After his parents' deaths he decided to follow his five brothers to South Australia. He left England in 1868, sailing in the South Australian on her maiden voyage, taking three months. After working for a time on Canowie Station for his brother Thomas, he went south. His brothers H. A. & W. Goode put him in charge of the Willunga branch of their expanding business. After 26 years' service he took over the branch, which his brothers had decided to relinquish. He was an energetic and conscientious worker for the town of Willunga – for 25 years he was a member of the district council, and many times occupied the chair. He was the senior Justice of the Peace in the Willunga District, having received his commission on 8 January 1890. He was widely read and an accomplished organist.

==Family==
William Goode and Catherine Goode lived at Kyre Magna, near Tenbury, Worcester. Their family included:
- Ann Goode ( – ) emigrated on the Candahar, arrived in South Australia December 1851, with her sister Elizabeth and brother Samuel, who later returned to England, settling in Newcastle upon Tyne.
- Samuel Goode on the Candahar in 1851, but returned to England
- Thomas (1835–1926) emigrated on the Hope, arriving February 1858.

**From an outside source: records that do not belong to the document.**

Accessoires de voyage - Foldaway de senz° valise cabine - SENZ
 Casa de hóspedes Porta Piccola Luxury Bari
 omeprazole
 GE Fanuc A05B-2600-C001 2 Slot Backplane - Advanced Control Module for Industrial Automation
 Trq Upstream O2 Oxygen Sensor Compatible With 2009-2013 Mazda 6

- Elizabeth Goode (c. 1837 – 28 May 1925) on the Candahar in 1851, but returned to England
- Henry Abel Goode (1838–1921) also on the Hope
- William Goode (c. 1840– ) also on the Hope
- Benjamin Powell Goode (c. 1841– ) also on the Hope
- Charles Rufus Goode (1844–1913) emigrated in 1860
- Matthew Goode (1847–1931) arrived on the South Australian in 1868. He married Selina "Lena" Haynes ( – 17 October 1946) on 1 September 1885
- Stella Goode (1886–1961)
- Eurydice "Eury" Goode (1889–1970) married Frank Evan Webb ( –1962) in 1924
- Lincoln Goode (1894–1964) married Reta Marjorie Haynes (1900–1982) on 28 June 1924.